But the second part of this passage — which distinguishes between pen registers and call logs — seems to be the most direct assault on the Third Party doctrine in this opinion, because it suggests that data that has been enhanced by a user — phone numbers that are not just phone numbers — may not fall squarely under Smith v. Maryland.

And that’s important because the government intends to get far more data than phone numbers while at the telecoms under the new-and-improved phone dragnet. It surely at least aspires to get logs just like the one Roberts says the cops couldn’t get from Wurie.

Think, too, of how this should limit all the US person data the government collects overseas that the government then aggregates to make fingerprints, claiming incidentally collected data does not require any legal process. That data is seized not from telecoms but rather stolen off cables — does that count as public collection or seizure?

Perhaps the language that presents the most sweeping danger to the dragnet, however, is the line that both Kerr and I like best from the opinion.

Alternatively, the Government proposes that law enforcement agencies “develop protocols to address” concerns raised by cloud computing. Reply Brief in No. 13–212, pp. 14–15. Probably a good idea, but the Founders did not fight a revolution to gain the right to government agency protocols.

Admittedly, Roberts is addressing a specific issue, the government’s proposal of how to protect personal data stored on a cloud that might be accessed from a phone (as if the government gives a shit about such things!).

But the underlying principle is critical. For every single dragnet program the government conducts at NSA, it dismisses obvious Fourth Amendment concerns by pointing to minimization procedures.

The FISC allowed the government to conduct the phone dragnet because it had purportedly strict minimization procedures (which the government ignored); it allowed the government to conduct an Internet dragnet for the same reason; John Bates permitted the government to address domestic content collection he deemed a violation of the Fourth Amendment with new minimization procedures; and the 2008 FISCR opinion approving the Protect America Act (which FISCR and the government say covers FAA as well) relied on targeting and minimization procedures to judge it compliant with the Fourth Amendment. FISC is also increasingly using minimization procedures to deem other Section 215 collections compliant with the law, though we know almost nothing about what they’re collecting (though it’s almost certain they involve Mosaic collection).

Everything, everything, ev-er-y-thing the NSA does these days complies with the Fourth Amendment only under the theory that minimization procedures — “government agency protocols” — provide adequate protection under the Fourth Amendment.

It will take a lot of work, in cases in which the government will likely deny anyone has standing, with SCOTUS’ help, to make this argument. But John Roberts said today that the government agency protocols that have become the sole guardians of the Fourth Amendment are not actually what our Founders were thinking of.

Ultimately, though, this passage may be Roberts’ strongest condemnation — whether he means it or not — of the current dragnet.

Our cases have recognized that the Fourth Amendment was the founding generation’s response to the reviled “general warrants” and “writs of assistance” of the colonial era, which allowed British officers to rummage through homes in an unrestrained search for evidence of criminal activity.

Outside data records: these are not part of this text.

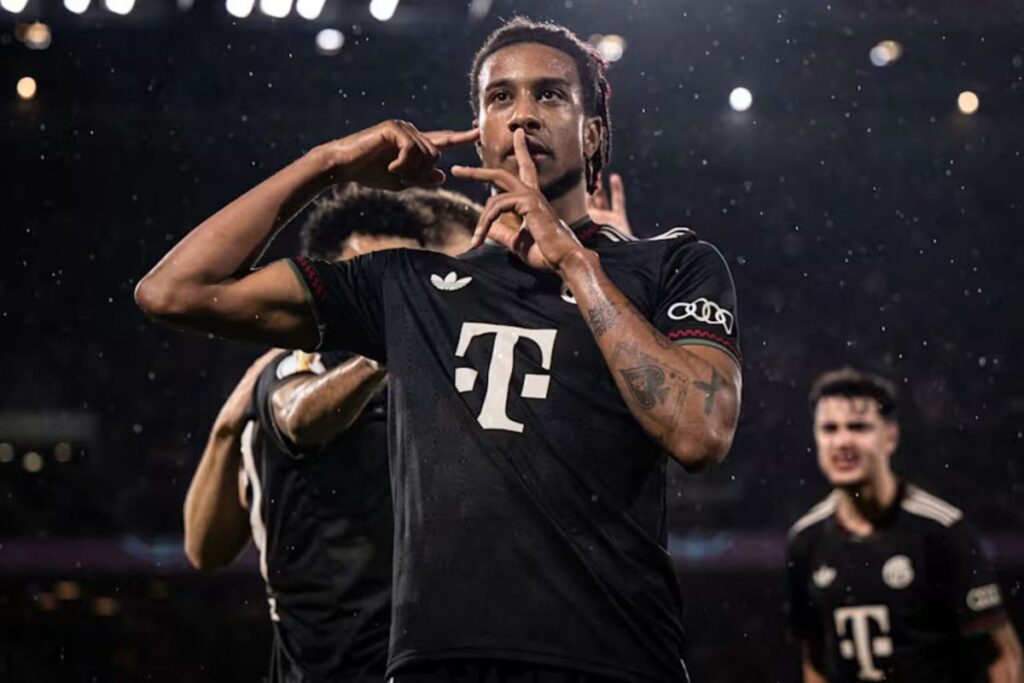 Bayern Munich menegaskan Olise tidak akan dilepas pada musim panas ini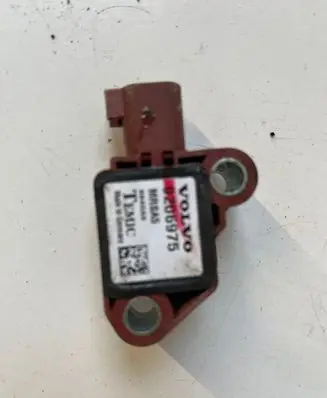 Volvo V50 Airbag deployment crash/impact sensor 8840A5 9206975 MRSA5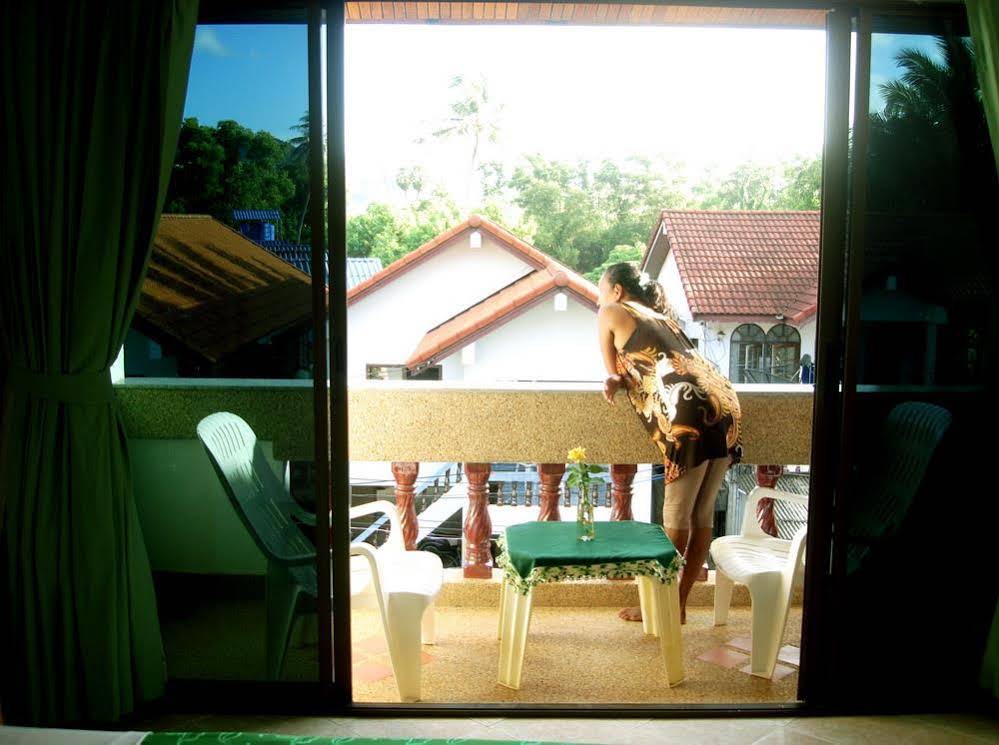 Waree's Guesthouse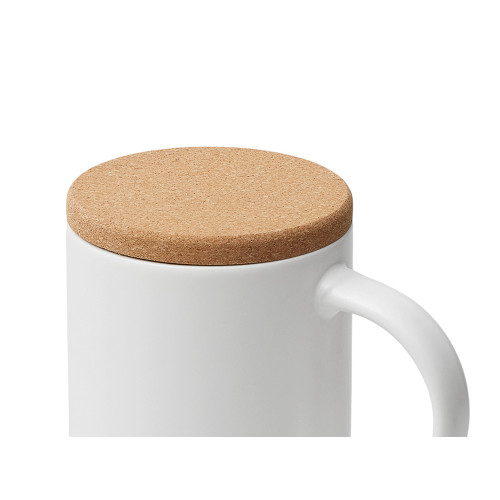 Крышка из пробки Корк & Бон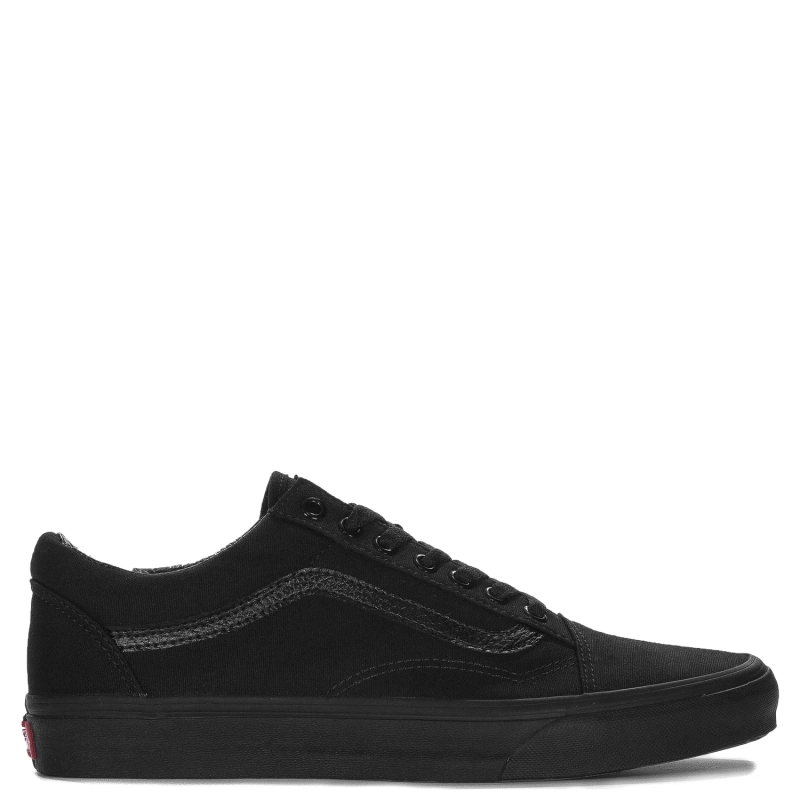 Vans Men's sneakers Old Skool Black/Black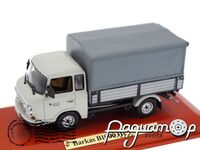 Barkas B1000 HP Pick-Up (1974) 7130126 [NT]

Opposition to such searches was in fact one of the driving forces behind the Revolution itself.

Roberts elsewhere says that cell searches are more intrusive than home searches. And by stealing and aggregating that data that originates on our cell phones, the government is indeed rummaging in unrestrained searches for evidence of criminal activity or dissidence. Roberts likely doesn’t imagine this language applies to the NSA (in part because NSA has downplayed what it is doing). But if anyone ever gets an opportunity to demonstrate all that NSA does to the Court, it will have to invent some hoops to deem it anything but digital rummaging.

I strongly suspect Roberts believes the government “inspects” rather than “rummages,” and so believes his opinion won’t affect the government’s ability to rummage, at least at the telecoms.  But a great deal of the language in this opinion raises big problems with the dragnets.

The Opinion Accompanying the Latest Dragnet Order

As I noted on Friday, the Administration got a new phone dragnet order on the same day that Senators Wyden, Udall, and Heinrich pointed out that — so long as the Administration only wants to do what it claims to want to do — it could stop holding phone records right away, just as it implemented Obama’s 2-hop mandate and court review in February right away.

From ODNI’s announcement they got a new dragnet order Friday (which they congratulate themselves as a great show of transparency), it’s clear they have no intention of doing so. On the contrary, they’re going to hold out HR 3361 — and their unconvincing claim it ends bulk collection as normal people understand the term — with each new dragnet order.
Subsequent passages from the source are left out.